- **What to do**
Repeat every record word for word and omit the images.

- **Supplied data**
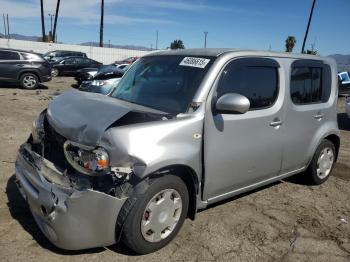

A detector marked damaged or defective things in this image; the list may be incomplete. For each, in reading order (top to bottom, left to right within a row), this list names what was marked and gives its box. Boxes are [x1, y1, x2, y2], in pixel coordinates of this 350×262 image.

crumpled hood [45, 89, 129, 147]
broken headlight [63, 141, 109, 176]
damaged front bumper [15, 144, 127, 251]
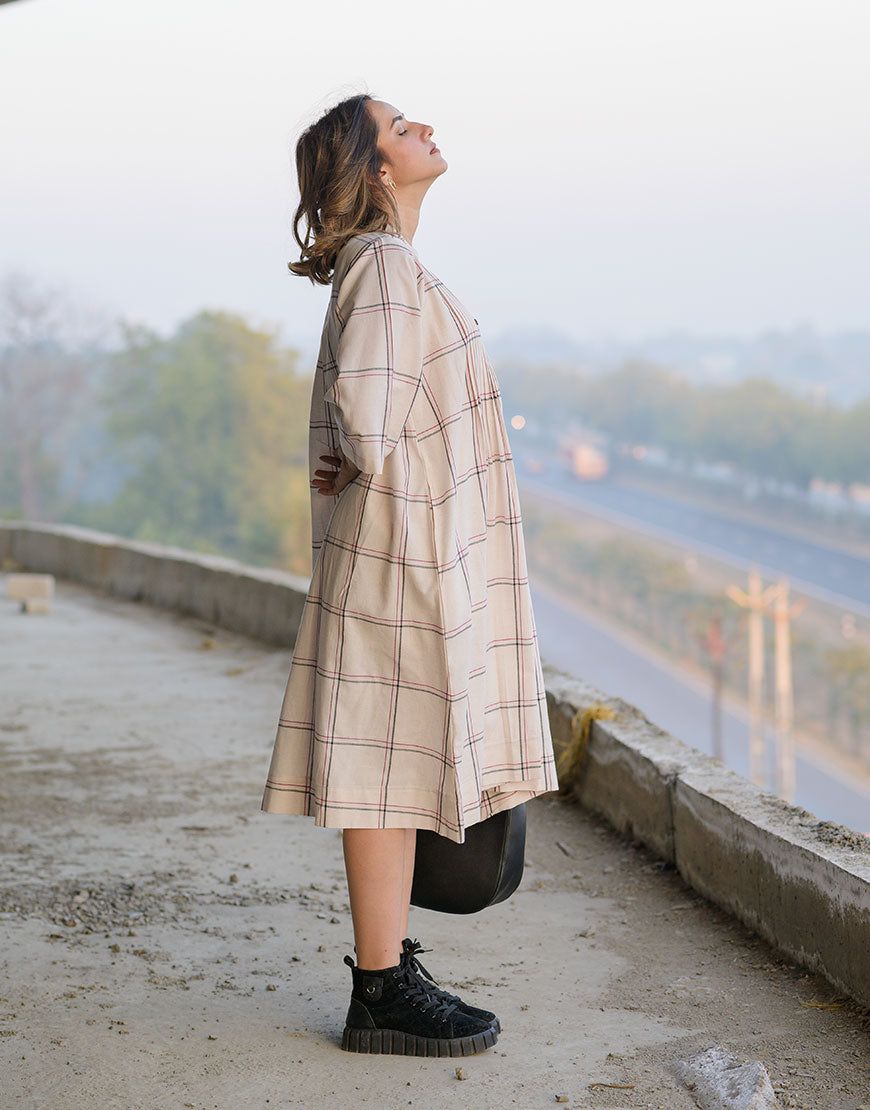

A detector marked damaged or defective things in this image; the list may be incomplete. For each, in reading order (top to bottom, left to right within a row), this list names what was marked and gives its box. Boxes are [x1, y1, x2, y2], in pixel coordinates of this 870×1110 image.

cracked concrete surface [0, 586, 865, 1105]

- **Output for this task**
A detector marked damaged or defective things in this image; the list may be incomplete. For each, in reading order (top to bottom, left to right within a row), this list names what was marked and gives its box. Boxes are [x1, y1, x2, y2], in pixel coordinates of this 350×262 image.

crumpled hood [45, 89, 129, 147]
broken headlight [63, 141, 109, 176]
damaged front bumper [15, 144, 127, 251]

A detector marked damaged or defective things in this image; the list may be incomplete. For each, in reading order (top to bottom, left to right within a row), this list names what was marked and gives its box. Boxes are [x1, y1, x2, y2], in pixel coordinates of this 870×1110 image.

cracked concrete surface [0, 586, 865, 1105]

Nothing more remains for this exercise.